Start of Block
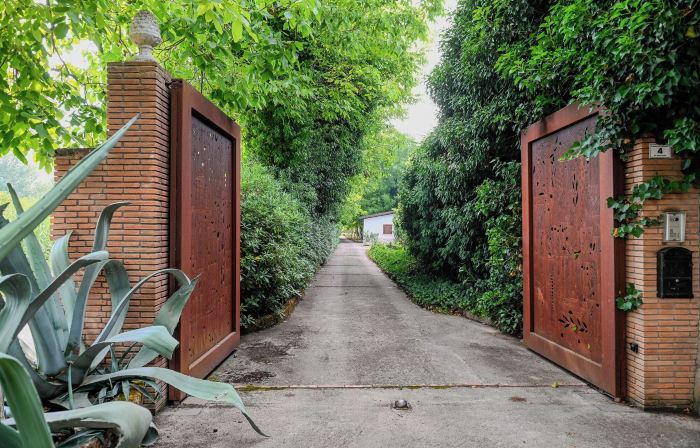 Villa Leproso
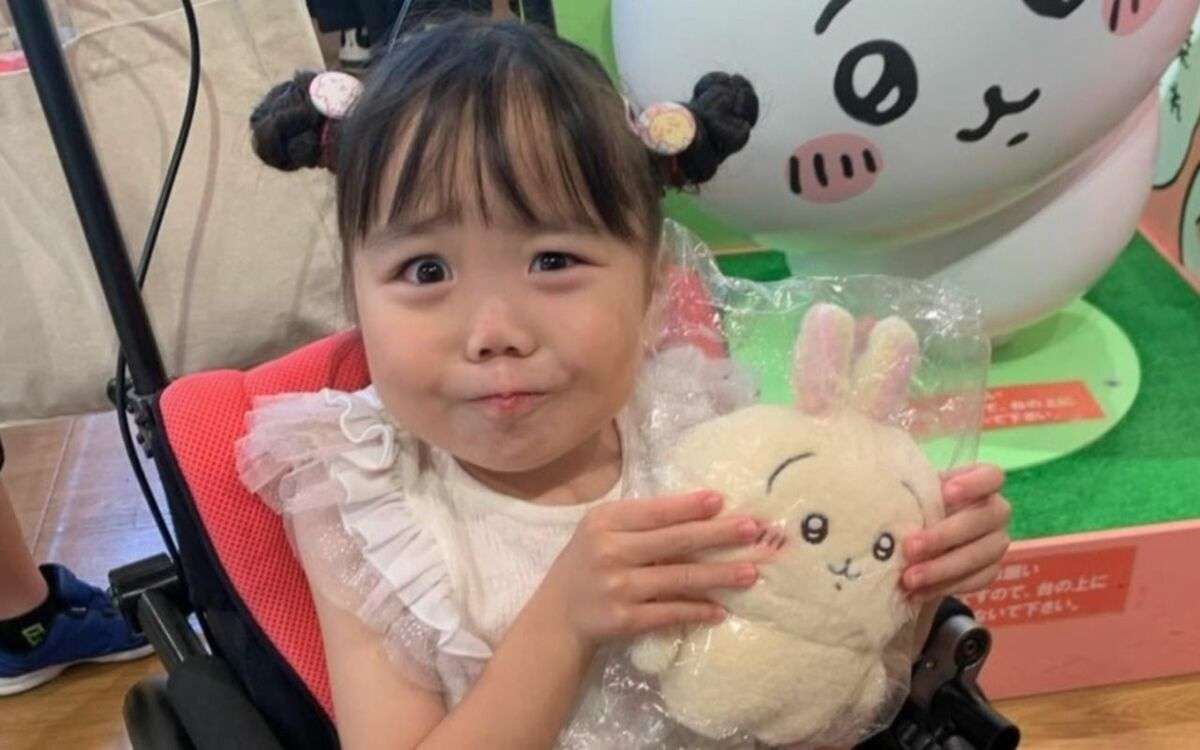“下半身麻痺で低身長”の小学生YouTuberに「親が子どもでお金を稼ぐな」と批判の声も…先天性疾患の8歳娘を育てる母親（36）が語る、YouTubeで発信する“本当の理由” | 家族と病 | 文春オンライン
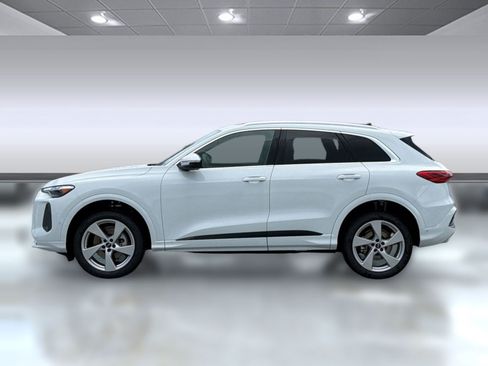 New 2026 Audi Q5 Premium AWD/4WD image 2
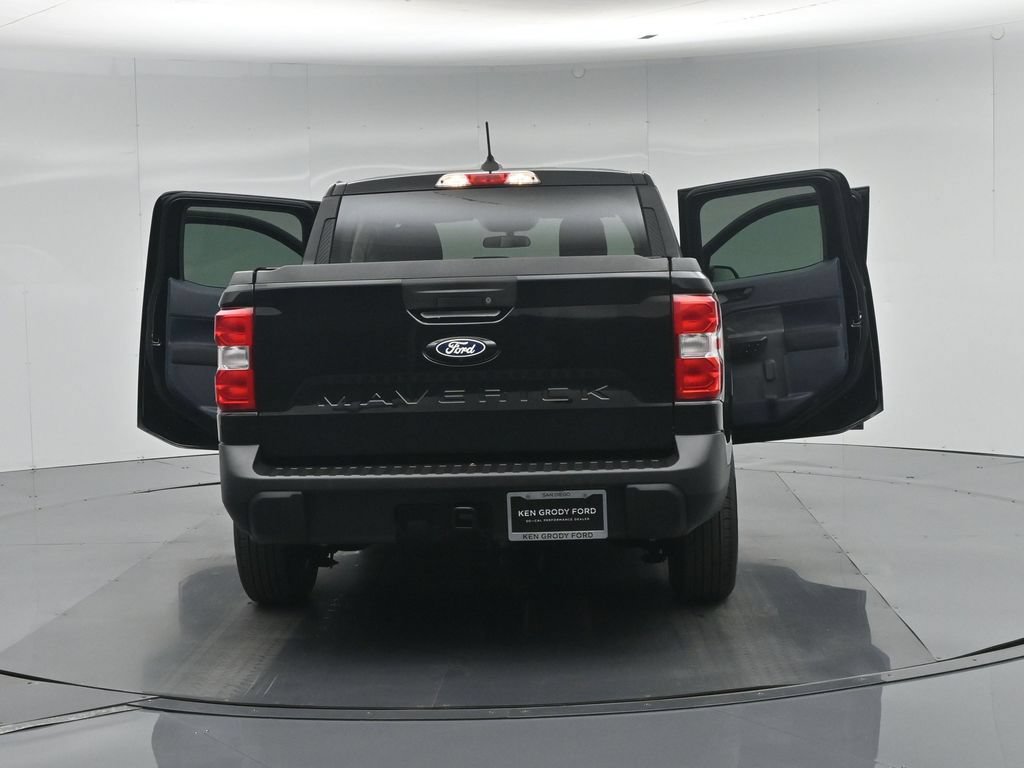 Certified 2025 Ford Maverick XL FWD image 27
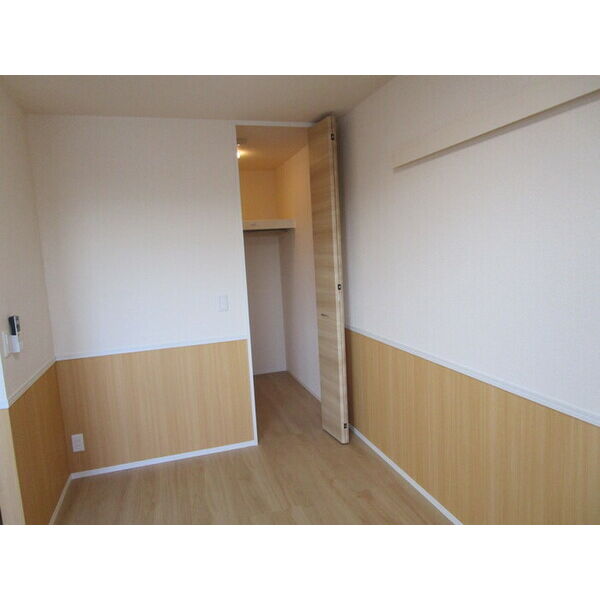 収納　ウォークインクローゼット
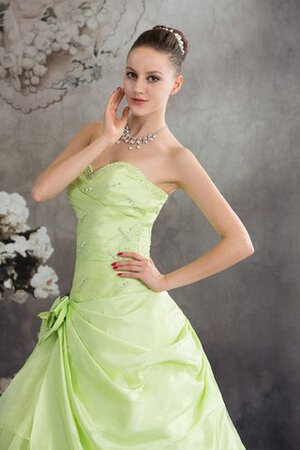 Robe de quinceanera pailleté ornée de mode de bal col en forme de cœur avec fleurs - Photo 8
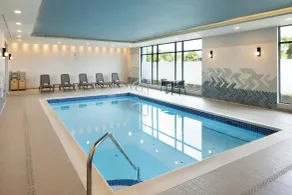 TownePlace Suites by Marriott Victoria Airport Sidney - Piscina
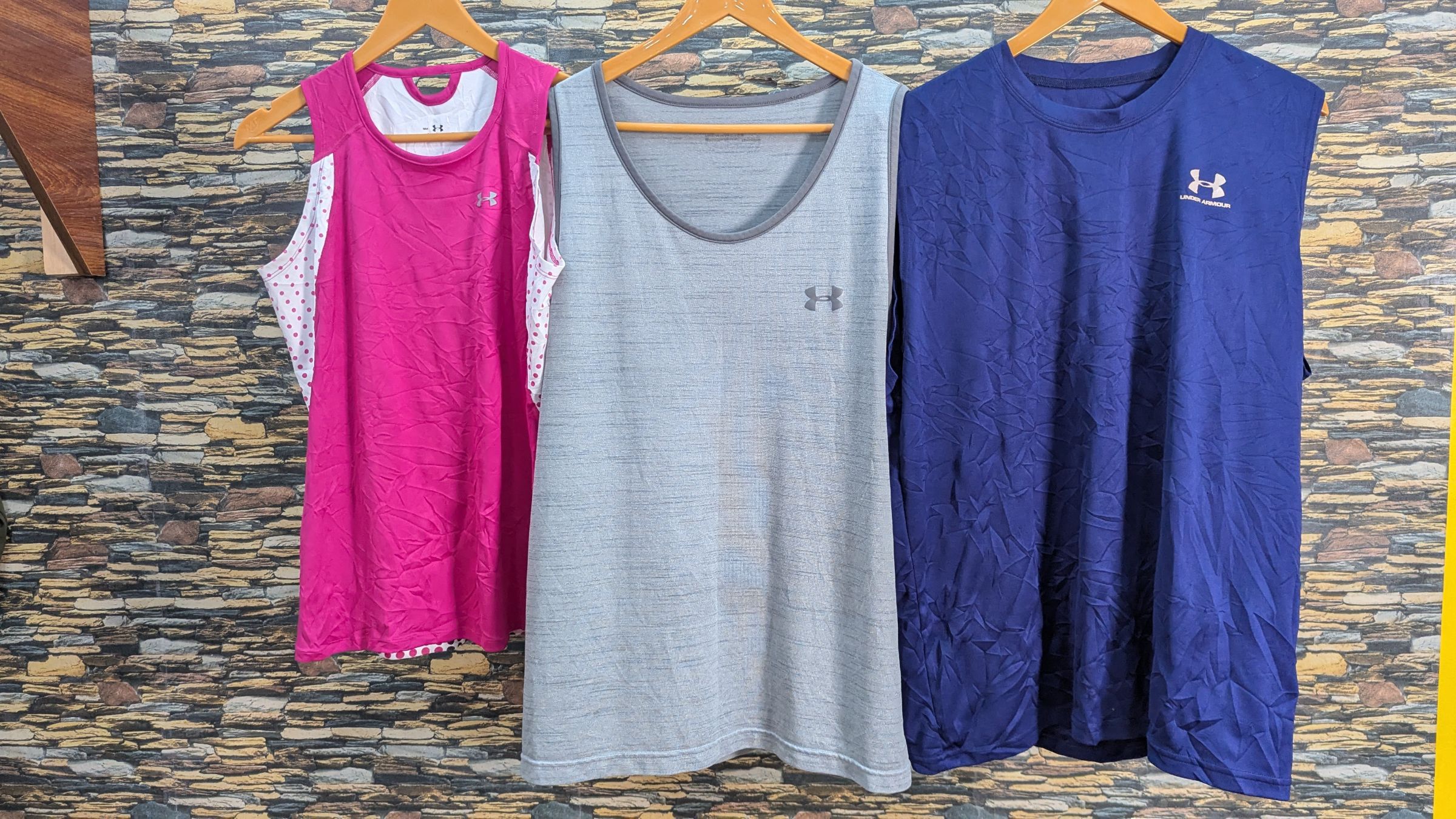 av-1866 under armour tank tops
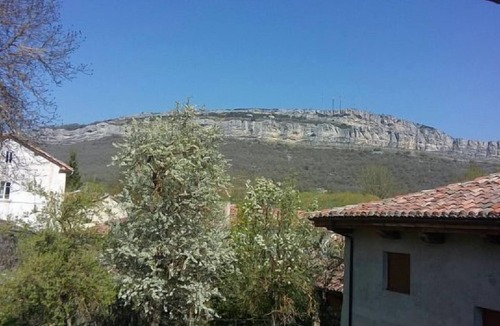 Alar del Rey Cottage | Rural house (full rental) El cinto for 10 people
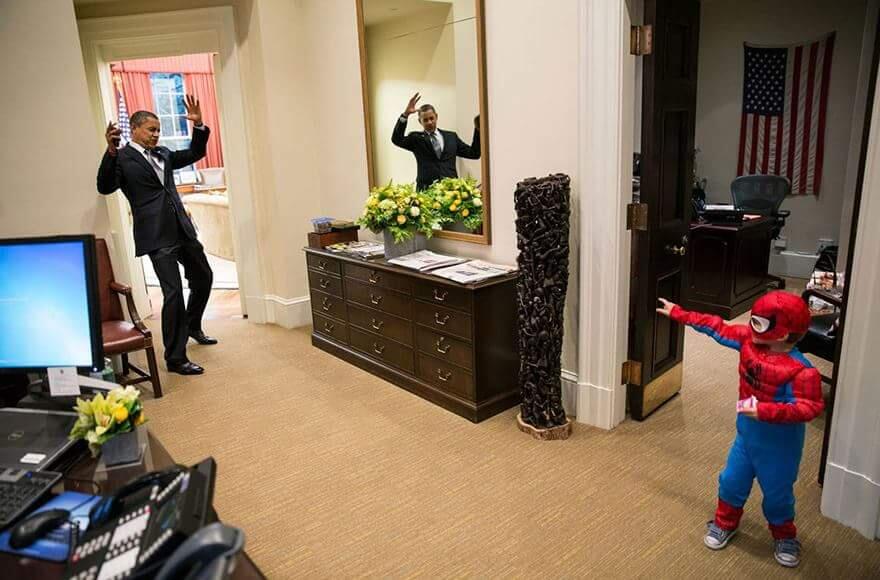 Foto Obama yang sedikit kocak
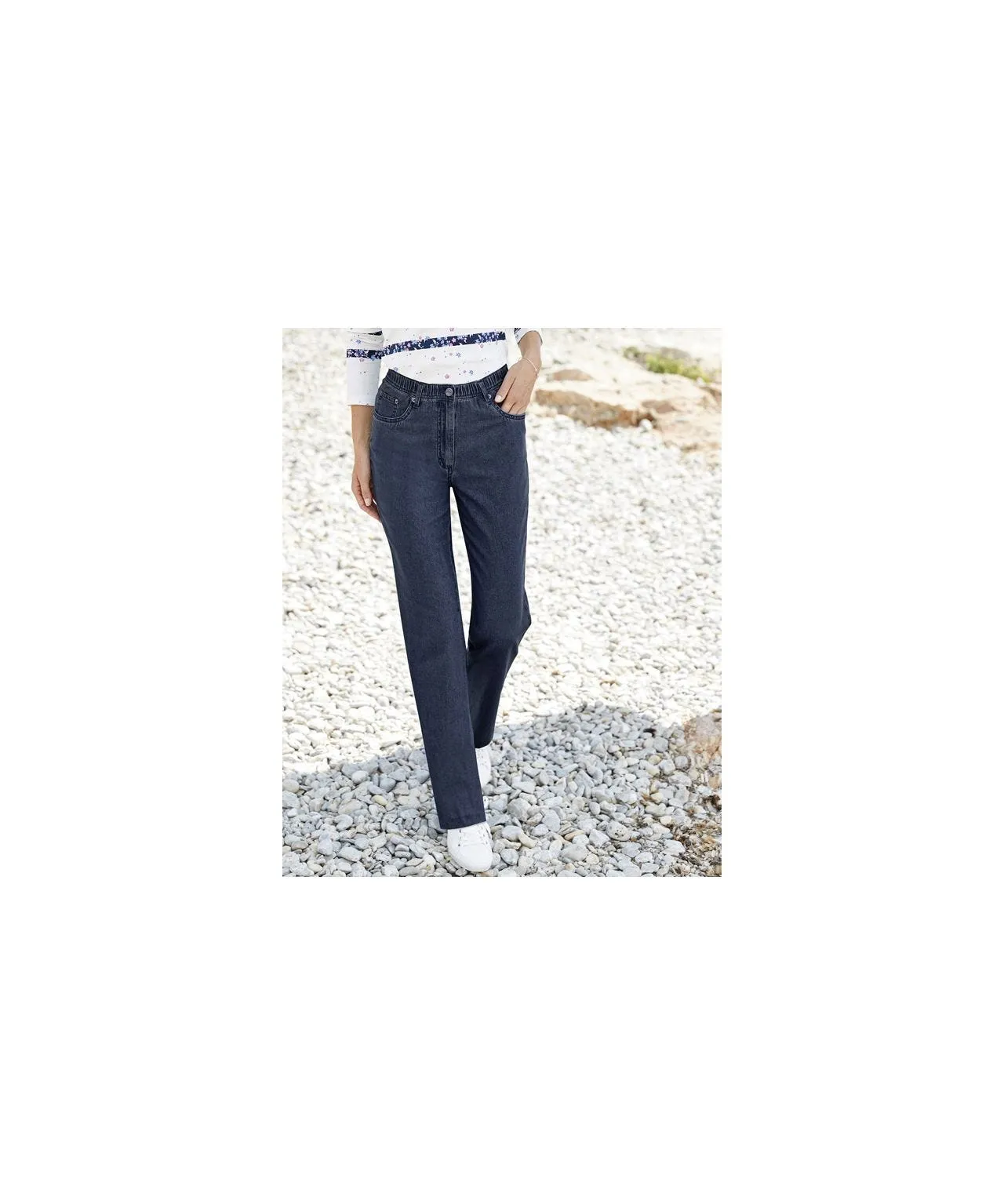 Ladies Pull-On Jeans Trousers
End of Block
Reproduce each entry exactly, without the pictures.

 Villa Leproso
“下半身麻痺で低身長”の小学生YouTuberに「親が子どもでお金を稼ぐな」と批判の声も…先天性疾患の8歳娘を育てる母親（36）が語る、YouTubeで発信する“本当の理由” | 家族と病 | 文春オンライン
 New 2026 Audi Q5 Premium AWD/4WD image 2
 Certified 2025 Ford Maverick XL FWD image 27
 収納　ウォークインクローゼット
 Robe de quinceanera pailleté ornée de mode de bal col en forme de cœur avec fleurs - Photo 8
 TownePlace Suites by Marriott Victoria Airport Sidney - Piscina
 av-1866 under armour tank tops
 Alar del Rey Cottage | Rural house (full rental) El cinto for 10 people
 Foto Obama yang sedikit kocak
 Ladies Pull-On Jeans Trousers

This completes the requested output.